Human rights are commonly described as universal moral rights that exist independently of any recognition by the state. The function of legal human rights is of utmost importance, as it reinforces the demand for moral rights for all countries that have signed the Universal Declaration of Human Rights, the legal basis for the claim of universal moral rights. One of the most important questions of moral and legal philosophy is to determine which members of the community of human beings should be recognized as having these rights. The idea that all human beings should enjoy the full spectrum of human rights has been questioned by many philosophers, who argue that rights and duties should rather concern persons and not human beings as such. Some contemporary discussions on the application of human rights even try to include animals (the great primates), or even the environment, among the beneficiaries of human rights. In this context, the legitimate question arises whether intelligent robots might not be worthy of human rights protection.

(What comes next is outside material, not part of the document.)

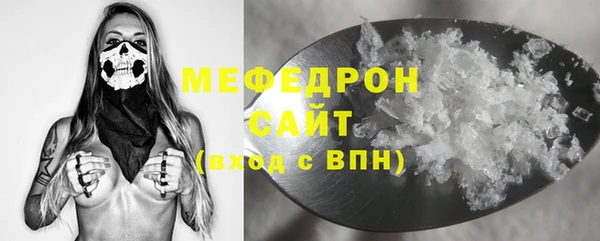 стаф Каменка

The argument of the doctrinalists who have developed the subject is based on establishing the ontological difference between human beings and automated machines, which in turn is based on three assumptions: man "came into being", he has no constructor (like animals), man constructed an entity (machine), and the machine was constructed for a specific purpose.
Based on the above assumptions, human beings (and animals) are purposeless beings (the first assumption) and all automated machines (here in the very broad sense of applications or complexes of artificial intelligent applications, with or without a physical body), regardless of their capabilities (e.g. sentience, intelligence and consciousness), are necessarily (a) constructed and/or (b) constructed for a given particular purpose (the second and third assumptions). The ontological difference is based on the fact that human beings have no purpose, what some doctrinaires call "existential normative neutrality", whereas robots are never "existentially normatively neutral", since someone else constructs them and gives them a purpose.
Humans, by contrast, may have simply come into existence without having had any constructor or purpose given to them. Their rights are based on their own existence and their freedom, independent of any particular purpose. A machine must have a purpose - the purpose set by its constructor - even if that purpose were "merely to construct such an entity."
Human rights are recognized because the human species is such that, having come into this existence without a determined purpose, it must discover its own purpose, and rights are allowed specifically (or at least in part) to enable this discovery.
However, the idea of claiming that human beings - who have come into existence without any particular purpose - enjoy rights, as opposed to beings who have been constructed and given a particular task or purpose, independent of their level of cognitive ability (which is likely to be much higher in machines) may be a misleading distinction and one that undermines the fact-value distinction.
My bet in the medium term - it won't be very long before these questions become pressing - is that humans will not remain the sole arbiters of assigning rights to other intelligent beings that they have, in fact, created. After all, why should we not be the inferior ones, denied our rights?